BEGIN

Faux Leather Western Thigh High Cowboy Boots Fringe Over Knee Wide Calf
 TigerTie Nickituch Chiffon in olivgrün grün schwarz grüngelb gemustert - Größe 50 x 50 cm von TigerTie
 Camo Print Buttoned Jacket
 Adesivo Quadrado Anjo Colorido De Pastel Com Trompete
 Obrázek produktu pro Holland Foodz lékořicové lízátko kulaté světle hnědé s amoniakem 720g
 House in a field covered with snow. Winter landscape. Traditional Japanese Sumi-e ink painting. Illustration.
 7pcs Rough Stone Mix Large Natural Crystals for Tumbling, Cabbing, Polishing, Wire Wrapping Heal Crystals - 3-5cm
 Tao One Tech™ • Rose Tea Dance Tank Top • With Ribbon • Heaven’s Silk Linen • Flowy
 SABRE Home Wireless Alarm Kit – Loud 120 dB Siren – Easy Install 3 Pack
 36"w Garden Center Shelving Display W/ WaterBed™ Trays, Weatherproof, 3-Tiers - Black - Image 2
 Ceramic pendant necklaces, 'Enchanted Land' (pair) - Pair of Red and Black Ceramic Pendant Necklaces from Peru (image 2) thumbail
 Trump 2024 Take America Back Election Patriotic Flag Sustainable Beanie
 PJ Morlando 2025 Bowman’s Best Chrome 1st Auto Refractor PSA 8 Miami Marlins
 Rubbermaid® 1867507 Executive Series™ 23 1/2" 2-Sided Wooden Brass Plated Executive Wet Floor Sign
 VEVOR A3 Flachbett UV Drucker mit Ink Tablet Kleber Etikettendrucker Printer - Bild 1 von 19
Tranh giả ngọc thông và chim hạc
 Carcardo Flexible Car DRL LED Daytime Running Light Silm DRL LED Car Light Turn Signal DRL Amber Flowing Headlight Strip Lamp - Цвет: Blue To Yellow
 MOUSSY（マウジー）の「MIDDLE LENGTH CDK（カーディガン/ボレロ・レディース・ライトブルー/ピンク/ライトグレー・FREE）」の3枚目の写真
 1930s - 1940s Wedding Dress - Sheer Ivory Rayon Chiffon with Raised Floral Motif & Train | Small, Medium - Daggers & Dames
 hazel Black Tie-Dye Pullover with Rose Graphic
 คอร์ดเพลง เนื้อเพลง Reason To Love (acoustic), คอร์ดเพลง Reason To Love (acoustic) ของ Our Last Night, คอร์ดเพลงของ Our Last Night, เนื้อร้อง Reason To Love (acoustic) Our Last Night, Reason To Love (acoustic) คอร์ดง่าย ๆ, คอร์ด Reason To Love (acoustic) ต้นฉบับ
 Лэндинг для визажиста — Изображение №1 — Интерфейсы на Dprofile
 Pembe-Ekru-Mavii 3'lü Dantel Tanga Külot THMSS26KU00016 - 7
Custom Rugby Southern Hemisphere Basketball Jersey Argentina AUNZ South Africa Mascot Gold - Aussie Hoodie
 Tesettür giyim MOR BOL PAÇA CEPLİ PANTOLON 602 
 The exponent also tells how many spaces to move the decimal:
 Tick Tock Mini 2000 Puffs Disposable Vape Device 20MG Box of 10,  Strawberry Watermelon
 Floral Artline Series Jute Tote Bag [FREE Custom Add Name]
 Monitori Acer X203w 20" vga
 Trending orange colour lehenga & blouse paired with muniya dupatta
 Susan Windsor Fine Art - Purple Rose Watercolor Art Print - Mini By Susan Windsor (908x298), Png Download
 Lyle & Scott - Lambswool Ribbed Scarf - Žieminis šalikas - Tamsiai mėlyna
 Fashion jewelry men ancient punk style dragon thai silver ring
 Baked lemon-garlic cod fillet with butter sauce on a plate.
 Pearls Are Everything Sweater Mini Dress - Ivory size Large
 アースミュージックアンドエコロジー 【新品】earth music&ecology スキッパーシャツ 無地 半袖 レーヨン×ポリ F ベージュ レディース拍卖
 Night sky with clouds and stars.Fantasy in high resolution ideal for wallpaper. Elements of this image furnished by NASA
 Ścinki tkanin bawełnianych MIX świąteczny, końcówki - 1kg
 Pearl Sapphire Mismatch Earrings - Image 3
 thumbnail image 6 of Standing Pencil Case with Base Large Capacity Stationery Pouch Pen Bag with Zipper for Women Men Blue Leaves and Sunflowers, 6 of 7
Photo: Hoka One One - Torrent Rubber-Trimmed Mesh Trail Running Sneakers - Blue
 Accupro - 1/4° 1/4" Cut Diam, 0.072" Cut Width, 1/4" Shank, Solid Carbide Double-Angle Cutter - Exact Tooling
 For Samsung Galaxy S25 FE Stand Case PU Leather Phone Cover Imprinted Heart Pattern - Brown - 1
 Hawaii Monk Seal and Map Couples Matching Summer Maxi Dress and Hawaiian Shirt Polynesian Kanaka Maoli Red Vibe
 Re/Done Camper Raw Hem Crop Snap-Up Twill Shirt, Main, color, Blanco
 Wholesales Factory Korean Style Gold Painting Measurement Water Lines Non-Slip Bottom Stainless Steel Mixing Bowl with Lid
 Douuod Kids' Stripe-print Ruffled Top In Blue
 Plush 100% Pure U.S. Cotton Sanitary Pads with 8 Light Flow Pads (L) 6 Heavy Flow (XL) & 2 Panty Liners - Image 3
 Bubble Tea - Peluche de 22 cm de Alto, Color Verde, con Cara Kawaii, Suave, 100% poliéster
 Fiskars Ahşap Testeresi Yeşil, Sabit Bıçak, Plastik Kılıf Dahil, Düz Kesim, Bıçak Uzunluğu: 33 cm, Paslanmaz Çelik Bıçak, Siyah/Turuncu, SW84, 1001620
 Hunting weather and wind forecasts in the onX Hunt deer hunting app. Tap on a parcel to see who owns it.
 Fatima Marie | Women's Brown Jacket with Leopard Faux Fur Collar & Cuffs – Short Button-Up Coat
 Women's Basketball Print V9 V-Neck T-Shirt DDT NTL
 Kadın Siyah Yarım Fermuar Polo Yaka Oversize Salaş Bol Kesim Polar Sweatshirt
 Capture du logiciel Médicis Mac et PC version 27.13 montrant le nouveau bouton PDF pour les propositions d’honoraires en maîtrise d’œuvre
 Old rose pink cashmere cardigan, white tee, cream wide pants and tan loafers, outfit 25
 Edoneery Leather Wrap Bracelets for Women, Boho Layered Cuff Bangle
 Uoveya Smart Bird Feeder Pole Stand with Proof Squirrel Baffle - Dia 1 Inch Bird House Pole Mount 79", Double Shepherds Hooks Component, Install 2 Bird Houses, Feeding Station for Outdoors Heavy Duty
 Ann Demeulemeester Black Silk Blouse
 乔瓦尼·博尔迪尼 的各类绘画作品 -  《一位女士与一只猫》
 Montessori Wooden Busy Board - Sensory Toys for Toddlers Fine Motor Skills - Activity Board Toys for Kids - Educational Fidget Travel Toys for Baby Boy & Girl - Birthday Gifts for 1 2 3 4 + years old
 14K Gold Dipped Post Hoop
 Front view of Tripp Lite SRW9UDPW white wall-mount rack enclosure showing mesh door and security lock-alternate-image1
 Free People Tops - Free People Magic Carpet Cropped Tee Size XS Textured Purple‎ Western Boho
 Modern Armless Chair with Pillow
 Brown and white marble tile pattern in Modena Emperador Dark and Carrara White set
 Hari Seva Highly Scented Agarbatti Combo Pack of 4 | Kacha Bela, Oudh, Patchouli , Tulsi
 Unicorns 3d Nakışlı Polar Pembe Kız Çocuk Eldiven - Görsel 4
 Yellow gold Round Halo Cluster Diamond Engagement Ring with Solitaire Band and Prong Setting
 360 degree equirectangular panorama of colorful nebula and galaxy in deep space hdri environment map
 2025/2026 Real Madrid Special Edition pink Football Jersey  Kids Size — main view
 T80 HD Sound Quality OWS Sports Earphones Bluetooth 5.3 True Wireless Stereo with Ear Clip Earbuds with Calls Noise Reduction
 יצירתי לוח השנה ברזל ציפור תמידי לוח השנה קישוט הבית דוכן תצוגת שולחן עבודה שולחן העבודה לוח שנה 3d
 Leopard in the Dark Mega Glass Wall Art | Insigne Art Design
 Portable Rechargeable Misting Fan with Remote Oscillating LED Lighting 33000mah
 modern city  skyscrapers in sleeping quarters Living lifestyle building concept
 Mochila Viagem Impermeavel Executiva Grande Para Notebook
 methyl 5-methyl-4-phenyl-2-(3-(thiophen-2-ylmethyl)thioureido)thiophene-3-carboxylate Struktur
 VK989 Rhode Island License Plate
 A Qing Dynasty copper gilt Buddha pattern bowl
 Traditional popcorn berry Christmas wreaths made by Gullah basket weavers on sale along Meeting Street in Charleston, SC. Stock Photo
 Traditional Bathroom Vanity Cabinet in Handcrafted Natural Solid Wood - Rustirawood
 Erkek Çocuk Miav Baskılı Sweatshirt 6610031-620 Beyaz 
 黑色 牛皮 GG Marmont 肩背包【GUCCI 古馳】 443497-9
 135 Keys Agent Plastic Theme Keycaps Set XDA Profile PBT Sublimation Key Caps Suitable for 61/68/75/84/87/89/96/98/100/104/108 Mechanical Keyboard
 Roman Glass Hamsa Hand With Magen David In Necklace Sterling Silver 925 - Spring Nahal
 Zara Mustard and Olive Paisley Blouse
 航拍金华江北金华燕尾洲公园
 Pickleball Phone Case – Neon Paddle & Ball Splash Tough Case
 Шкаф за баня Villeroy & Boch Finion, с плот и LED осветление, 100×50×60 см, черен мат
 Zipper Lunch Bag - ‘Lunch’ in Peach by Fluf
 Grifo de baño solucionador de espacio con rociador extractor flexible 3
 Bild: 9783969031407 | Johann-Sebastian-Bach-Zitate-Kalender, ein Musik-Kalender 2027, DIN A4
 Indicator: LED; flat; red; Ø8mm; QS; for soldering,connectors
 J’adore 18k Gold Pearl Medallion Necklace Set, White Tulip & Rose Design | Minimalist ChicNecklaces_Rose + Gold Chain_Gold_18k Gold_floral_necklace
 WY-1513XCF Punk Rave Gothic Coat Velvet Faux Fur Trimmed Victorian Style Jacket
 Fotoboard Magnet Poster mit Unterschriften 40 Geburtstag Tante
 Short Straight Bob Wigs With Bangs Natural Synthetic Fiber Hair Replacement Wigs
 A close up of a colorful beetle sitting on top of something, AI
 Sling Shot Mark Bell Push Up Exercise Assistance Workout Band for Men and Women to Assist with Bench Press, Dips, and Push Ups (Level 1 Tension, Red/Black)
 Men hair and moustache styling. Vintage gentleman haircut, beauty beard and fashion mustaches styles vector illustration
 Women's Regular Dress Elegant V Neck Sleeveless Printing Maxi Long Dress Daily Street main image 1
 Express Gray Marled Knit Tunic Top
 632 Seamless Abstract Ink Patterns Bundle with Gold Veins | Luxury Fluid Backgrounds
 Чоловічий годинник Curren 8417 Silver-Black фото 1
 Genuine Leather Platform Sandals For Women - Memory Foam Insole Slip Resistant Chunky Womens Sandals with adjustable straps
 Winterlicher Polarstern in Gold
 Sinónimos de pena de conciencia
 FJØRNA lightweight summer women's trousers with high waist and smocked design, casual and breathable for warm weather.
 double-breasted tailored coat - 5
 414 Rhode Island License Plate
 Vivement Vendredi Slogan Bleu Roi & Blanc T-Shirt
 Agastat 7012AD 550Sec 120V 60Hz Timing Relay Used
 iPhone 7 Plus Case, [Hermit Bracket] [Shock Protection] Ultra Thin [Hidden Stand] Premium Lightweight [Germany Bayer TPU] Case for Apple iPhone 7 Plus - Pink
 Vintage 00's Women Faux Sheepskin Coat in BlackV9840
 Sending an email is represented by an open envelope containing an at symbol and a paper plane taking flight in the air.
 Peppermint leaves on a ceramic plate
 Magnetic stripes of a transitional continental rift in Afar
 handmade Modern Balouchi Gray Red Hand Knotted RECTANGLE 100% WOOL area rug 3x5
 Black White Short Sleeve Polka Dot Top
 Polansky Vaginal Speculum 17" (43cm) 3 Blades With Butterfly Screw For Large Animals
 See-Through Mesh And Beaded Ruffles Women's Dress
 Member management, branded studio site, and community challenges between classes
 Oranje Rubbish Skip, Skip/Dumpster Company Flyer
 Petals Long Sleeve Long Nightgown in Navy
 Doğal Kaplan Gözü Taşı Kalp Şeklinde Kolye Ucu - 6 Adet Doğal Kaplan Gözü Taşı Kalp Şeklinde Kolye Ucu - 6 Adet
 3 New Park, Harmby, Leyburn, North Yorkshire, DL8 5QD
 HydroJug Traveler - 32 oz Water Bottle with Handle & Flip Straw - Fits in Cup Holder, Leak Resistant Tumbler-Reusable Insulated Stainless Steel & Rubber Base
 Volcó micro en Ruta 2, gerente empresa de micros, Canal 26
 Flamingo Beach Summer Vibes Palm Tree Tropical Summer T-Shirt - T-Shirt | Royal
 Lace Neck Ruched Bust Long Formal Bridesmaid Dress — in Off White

END

Copy each line of the listing that carries the string "Glass".

 Leopard in the Dark Mega Glass Wall Art | Insigne Art Design
 Roman Glass Hamsa Hand With Magen David In Necklace Sterling Silver 925 - Spring Nahal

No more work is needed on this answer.